I followed the instructions in LM inference here:
vocab = Vocab(pickle.load(open(path/'lm-toknum'/'itos.pkl', 'rb')))
empty_data = TextLMDataBunch.load_empty(path, fname='lm-meta-db.pkl')
learn = language_model_learner(empty_data)
learn.unfreeze()
learn.load('lm-acc-583', with_opt=False)
I got an error of dimension mismatch:
--------------------------------------------------------------------------
RuntimeError Traceback (most recent call last)
<ipython-input-7-f04e66109460> in <module>
2 learn = language_model_learner(empty_data)
3 learn.unfreeze()
----> 4 learn.load('lm-acc-583', with_opt=False)
~/fastai/fastai/basic_train.py in load(self, name, device, strict, with_opt)
213 state = torch.load(self.path/self.model_dir/f'{name}.pth', map_location=device)
214 if set(state.keys()) == {'model', 'opt'}:
--> 215 get_model(self.model).load_state_dict(state['model'], strict=strict)
216 if ifnone(with_opt,True):
217 if not hasattr(self, 'opt'): opt = self.create_opt(defaults.lr, self.wd)
/net/vaosl01/opt/NFS/su0/anaconda3/envs/mer/lib/python3.7/site-packages/torch/nn/modules/module.py in load_state_dict(self, state_dict, strict)
767 if len(error_msgs) > 0:
768 raise RuntimeError('Error(s) in loading state_dict for {}:\n\t{}'.format(
--> 769 self.__class__.__name__, "\n\t".join(error_msgs)))
770
771 def _named_members(self, get_members_fn, prefix='', recurse=True):
RuntimeError: Error(s) in loading state_dict for SequentialRNN:
size mismatch for 0.encoder.weight: copying a param with shape torch.Size([60093, 400]) from checkpoint, the shape in current model is torch.Size([8, 400]).

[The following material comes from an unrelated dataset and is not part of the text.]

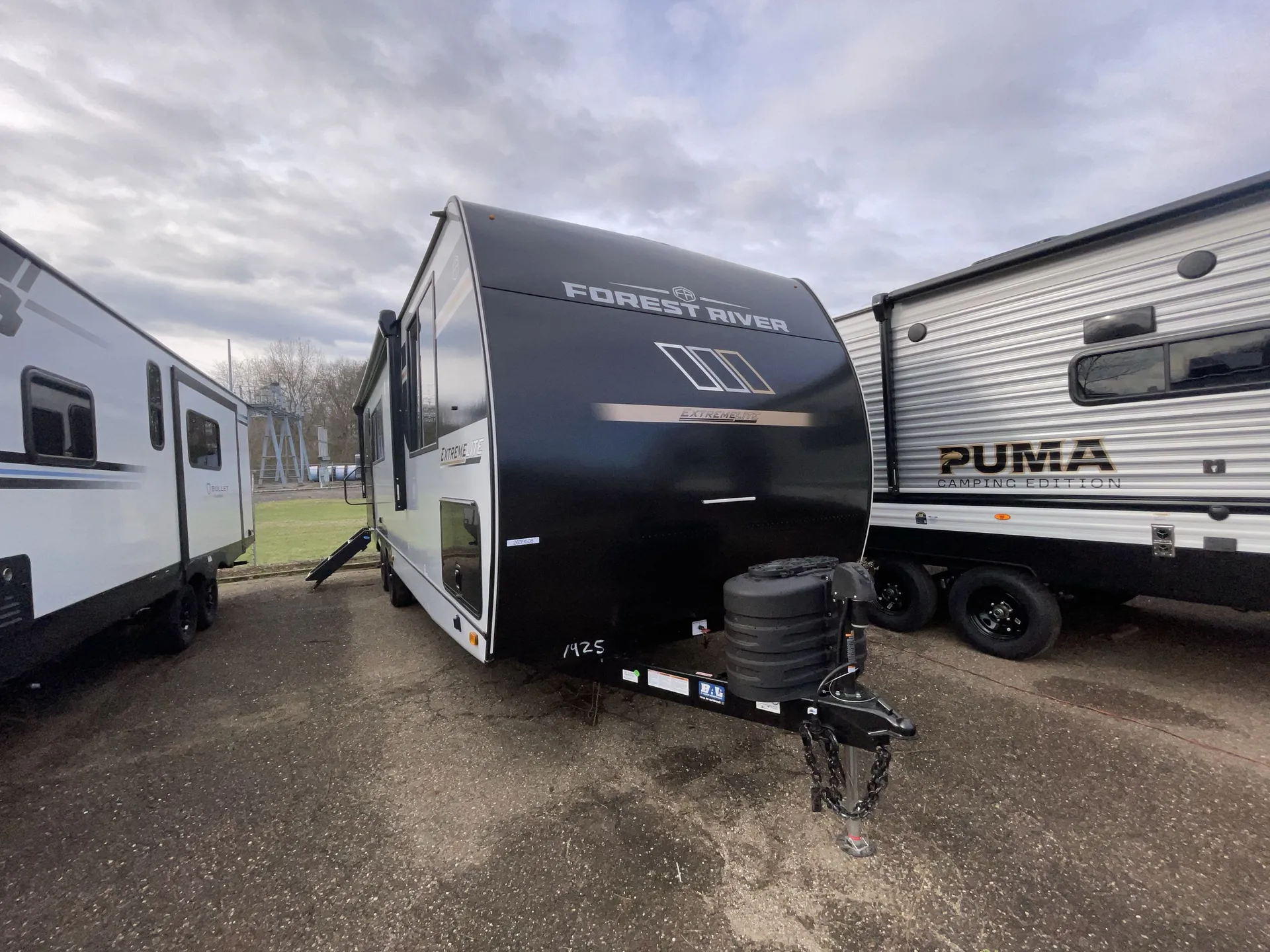 2026 Forest River Vibe Extreme Lite 2600RB dealer photo 1 from Camping World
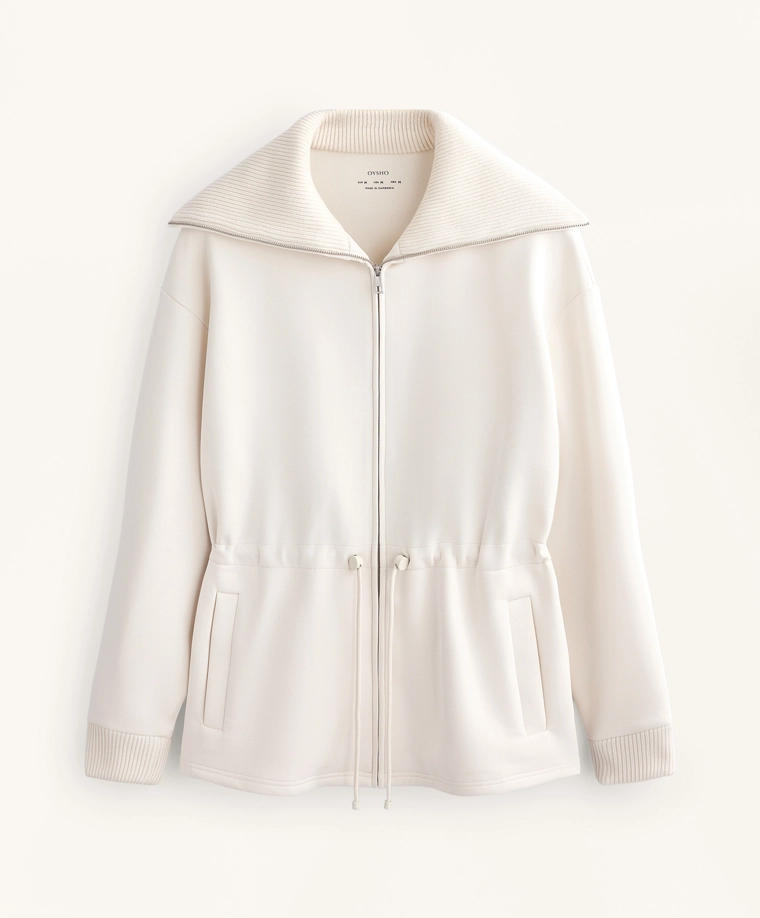 Длинная куртка из мягкого модала с регулируемой талией и воротником из трикотажа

size mismatch for 0.encoder_dp.emb.weight: copying a param with shape torch.Size([60093, 400]) from checkpoint, the shape in current model is torch.Size([8, 400]).
size mismatch for 1.decoder.weight: copying a param with shape torch.Size([60093, 400]) from checkpoint, the shape in current model is torch.Size([8, 400]).
size mismatch for 1.decoder.bias: copying a param with shape torch.Size([60093]) from checkpoint, the shape in current model is torch.Size([8]).
Ok, the problem is that empty_data = TextLMDataBunch.load_empty(path)
loads with a vocab of size 8:
empty_data.vocab.itos
['xxunk', 'xxpad', 'xxbos', 'xxfld', 'xxmaj', 'xxup', 'xxrep', 'xxwrep']
even though, I did a data_lm.export()
after creating my original databunch. Hence, I’m getting the mismatch error.
I used both viz data and inference and it worked. Just keep track on object vars as they are reused and may cause problems. Looks like you are referring to two vocabs.
I am unable to add test dataset in TabularList.from_df
as it raises some KeyError
. Can someone tell me what I am doing wrong?
Edited : I narrowed down the problem, its happening because of Categorify
I’m using the same vocab that I saved when I created my databunch for language modeling. And I exported that which is used to creating the empty_data
. I’m not sure why the empty_data
has only 8 words in its vocab.
Just checked on master and this part is still working. If you use pickle to open the file path/‘export.pkl’, what do you see as vocab?